Il existe des exemples. Dans l'État de Washington, juste au sud d'où je vis, le gouverneur Jay Inslee vient d'annoncer le plan économique Evergreen. Il a créé une banque verte qui disposera de 90 milliards de dollars. C'est l'un des plans les plus ambitieux jamais lancés aux États-Unis. On déploiera des efforts généralisés, notamment en rénovant des maisons pour les rendre plus éconergétiques, en s'assurant que le réseau électrique de l'État de Washington repose entièrement sur les énergies renouvelables et en instaurant un très grand nombre d'incitatifs pour que les gens achètent des voitures électriques. On peut l'appeler le plan économique Evergreen, le nouveau pacte vert, ou peu importe. Je crois que nous parlons tous de la même chose. En tant que député néo-démocrate, c'est exactement ce que je veux que nous fassions parce qu'il nous reste très peu de temps. Le temps file. Nous devons atteindre un point où les émissions du Canada diminuent considérablement année après année et nous n'en sommes pas là actuellement.

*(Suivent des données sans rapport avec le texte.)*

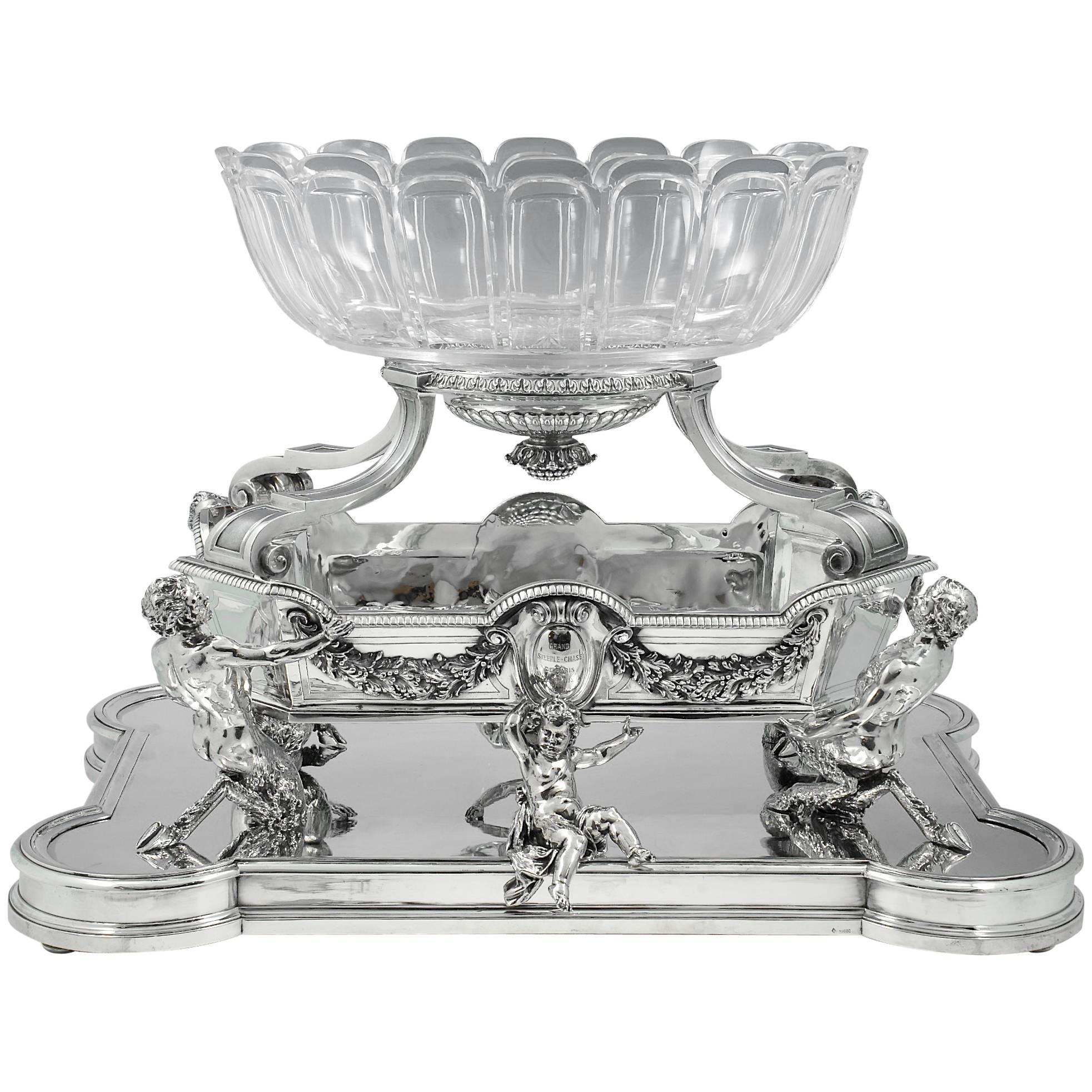 Massive Late 19th Century Silver and Glass Centerpiece For Sale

Comme beaucoup d'autres députés, ce sujet me touche personnellement. J'ai trois filles: des jumelles de 6 ans et une autre fille de 19 mois. Je me demande bien quel monde nous allons leur laisser.
Le moment est désormais venu de mettre nos différences de côté et de prendre conscience que nous avons le pouvoir d'agir. Je sais que, pour certains conservateurs, ce ne sont que de belles paroles vertueuses, mais vides, mais c'est faux. Si nous voulons commencer à agir concrètement, il faut d'abord admettre qu'il y a un problème, et qu'il est urgent. Cela dit, si nous ne voulons pas demeurer dans les discours rhétoriques, il faut aussi passer à l'action et adopter une série de mesures aussi vigoureuses que concrètes. C'est faisable. Nous avons les ressources humaines, nous avons les compétences et nous avons les moyens technologiques. Il ne manque que la volonté d'agir. La Chambre des communes doit montrer à tous que les élus considèrent cette question avec tout le sérieux qu'elle mérite.
Toute une génération d'élèves du secondaire compte sur nous. Ces jeunes font la grève tous les vendredis. Relevons leur défi, montrons-leur que nous sommes à la hauteur de leurs attentes, retroussons nos manches et déployons tous les efforts possibles pour cette cause qui mérite d'être soutenue.